= Beginning of Section =
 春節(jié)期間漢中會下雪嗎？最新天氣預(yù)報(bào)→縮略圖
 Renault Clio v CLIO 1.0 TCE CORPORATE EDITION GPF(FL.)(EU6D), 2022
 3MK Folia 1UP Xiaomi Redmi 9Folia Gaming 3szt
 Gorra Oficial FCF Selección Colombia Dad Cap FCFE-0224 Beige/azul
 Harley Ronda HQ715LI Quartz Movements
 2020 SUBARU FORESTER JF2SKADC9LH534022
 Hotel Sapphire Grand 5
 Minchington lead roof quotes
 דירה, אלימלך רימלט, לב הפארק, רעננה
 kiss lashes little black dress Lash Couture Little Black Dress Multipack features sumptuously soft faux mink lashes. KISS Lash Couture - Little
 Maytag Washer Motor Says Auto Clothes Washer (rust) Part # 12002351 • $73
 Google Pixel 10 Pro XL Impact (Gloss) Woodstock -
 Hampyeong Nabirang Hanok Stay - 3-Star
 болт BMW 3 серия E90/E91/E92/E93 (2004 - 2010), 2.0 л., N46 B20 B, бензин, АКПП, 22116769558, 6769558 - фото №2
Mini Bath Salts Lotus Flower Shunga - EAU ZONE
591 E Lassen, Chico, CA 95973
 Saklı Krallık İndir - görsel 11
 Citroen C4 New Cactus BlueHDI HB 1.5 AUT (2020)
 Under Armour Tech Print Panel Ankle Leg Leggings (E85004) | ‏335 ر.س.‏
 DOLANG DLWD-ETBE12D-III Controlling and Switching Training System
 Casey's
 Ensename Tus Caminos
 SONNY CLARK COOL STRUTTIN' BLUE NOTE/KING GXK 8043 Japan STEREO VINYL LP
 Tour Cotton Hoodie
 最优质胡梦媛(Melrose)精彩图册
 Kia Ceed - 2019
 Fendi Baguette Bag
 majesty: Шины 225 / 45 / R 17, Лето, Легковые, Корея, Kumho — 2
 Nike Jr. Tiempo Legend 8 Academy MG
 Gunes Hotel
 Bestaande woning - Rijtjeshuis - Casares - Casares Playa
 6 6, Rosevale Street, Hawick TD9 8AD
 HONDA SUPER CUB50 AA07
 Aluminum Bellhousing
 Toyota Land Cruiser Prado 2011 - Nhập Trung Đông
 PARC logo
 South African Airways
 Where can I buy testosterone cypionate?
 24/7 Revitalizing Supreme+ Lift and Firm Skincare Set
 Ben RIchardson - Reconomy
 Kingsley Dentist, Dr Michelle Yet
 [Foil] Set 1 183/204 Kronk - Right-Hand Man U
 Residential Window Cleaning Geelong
= End of Section =
BRIEF: Look through the material above and print exactly the lines from the one containing "3MK Folia 1UP" to the one containing "majesty: Шины 225", both included, and nothing more.

RESULT OF THE TASK:
 3MK Folia 1UP Xiaomi Redmi 9Folia Gaming 3szt
 Gorra Oficial FCF Selección Colombia Dad Cap FCFE-0224 Beige/azul
 Harley Ronda HQ715LI Quartz Movements
 2020 SUBARU FORESTER JF2SKADC9LH534022
 Hotel Sapphire Grand 5
 Minchington lead roof quotes
 דירה, אלימלך רימלט, לב הפארק, רעננה
 kiss lashes little black dress Lash Couture Little Black Dress Multipack features sumptuously soft faux mink lashes. KISS Lash Couture - Little
 Maytag Washer Motor Says Auto Clothes Washer (rust) Part # 12002351 • $73
 Google Pixel 10 Pro XL Impact (Gloss) Woodstock -
 Hampyeong Nabirang Hanok Stay - 3-Star
 болт BMW 3 серия E90/E91/E92/E93 (2004 - 2010), 2.0 л., N46 B20 B, бензин, АКПП, 22116769558, 6769558 - фото №2
Mini Bath Salts Lotus Flower Shunga - EAU ZONE
591 E Lassen, Chico, CA 95973
 Saklı Krallık İndir - görsel 11
 Citroen C4 New Cactus BlueHDI HB 1.5 AUT (2020)
 Under Armour Tech Print Panel Ankle Leg Leggings (E85004) | ‏335 ر.س.‏
 DOLANG DLWD-ETBE12D-III Controlling and Switching Training System
 Casey's
 Ensename Tus Caminos
 SONNY CLARK COOL STRUTTIN' BLUE NOTE/KING GXK 8043 Japan STEREO VINYL LP
 Tour Cotton Hoodie
 最优质胡梦媛(Melrose)精彩图册
 Kia Ceed - 2019
 Fendi Baguette Bag
 majesty: Шины 225 / 45 / R 17, Лето, Легковые, Корея, Kumho — 2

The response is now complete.